IBM Security QRadar User Behavior Analytics

IBM® QRadar® User Behavior Analytics (UBA) analyzes user activity to detect malicious insiders and determine if a user’s credentials have been compromised. Security analysts can easily see risky users, view their anomalous activities and drill down into the underlying log and flow data that contributed to a user’s risk score.

As an integrated component of the QRadar Security Intelligence Platform, UBA leverages out of the box behavioral rules and machine learning (ML) models to add user context to network, log, vulnerability and threat data to more quickly and accurately detect attacks.


QRadar UBA

 Gain visibility into insider threats

Guard against rogue insiders and cyber criminals using compromised credentials. Uncover anomalous behaviors, lateral movement, threats and data exfiltration─with a user focus.

 Improve analyst productivity

Easily identify risky users by applying machine learning (ML) and behavioral analytics to QRadar security data, calculate users’ risk scores and only raise alerts on high risk incidents.

 Accelerate time to value

Generate meaningful insights within 24 hours. QRadar clients can download and install the UBA app quickly and easily from the IBM Security App Exchange.
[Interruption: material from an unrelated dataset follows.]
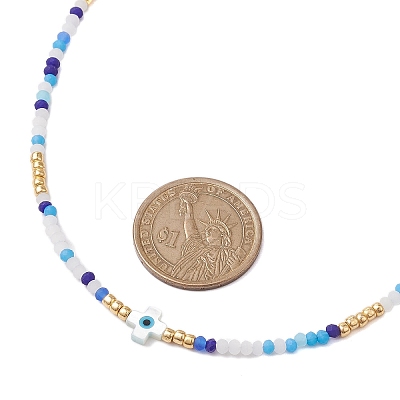 Glass Beaded Necklaces NJEW-JN04896-1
 Extend QRadar security features

The UBA dashboard is an integrated part of the QRadar console and helps extend capabilities of the QRadar Security Intelligence Platform.


UBA 2019 Report

Detects insider threats based on user behavioral anomalies 

User behavior analysis and fine-grained machine learning algorithms can detect when users deviate from normal activity patterns or behave differently from their peers. QRadar UBA creates a baseline of normal activity and detects significant deviations to expose both malicious insiders and users whose credentials have been compromised by cyber criminals.

Integrate seamlessly with IBM QRadar  

QRadar UBA integrates directly into the QRadar Security Intelligence Platform, leveraging the existing QRadar user interface and database. All enterprise-wide security data can remain in one central location, and analysts can tune rules, generate reports and integrate with complementary Identity and Access Management (IAM) solutions – all without having to learn a new system or build a new integration.

Generates detailed risk scores for individual users

Risk scores dynamically change based on user activity, and high-risk users can be added to a watch list. Security analysts can easily drill down to view the actions, offenses, logs and flow data that contributed to a person’s risk score. This helps shorten the investigation and response times associated with insider threats.

Available from the IBM Security App Exchange

QRadar UBA is packaged as a downloadable app that is independent of the platform’s formal release cycles. All current QRadar clients can add this app to QRadar version 7.2.8 or higher to begin seeing a user-centric view of activity within their networks.




How Customers Use it


Gain visibility into insider threats:


Detecting cyberattacks, prioritizing security incidents, and effectively responding to insider threats.


Uncover anomalous behaviors to more quickly and effectively identify rogue insiders and cyber criminals using compromised credentials.

Extend QRadar platform capabilities:


Monitoring potentially malicious activity for individual users is manual and requires many disconnected tools.


The UBA dashboard is an integrated part of the QRadar console and helps extend existing capabilities to better identify high-risk users. Investigate any user's anomalous behavior from the individual user details page of the UBA app.

Monitor user risk across the enterprise:


Determining the overall health of your environment and the risks that user pose in it.


Apply machine learning to generate users’ risk scores, identify high-risk users and only raise alerts on the riskiest activities to provide early warning of a threat without overwhelming analysts.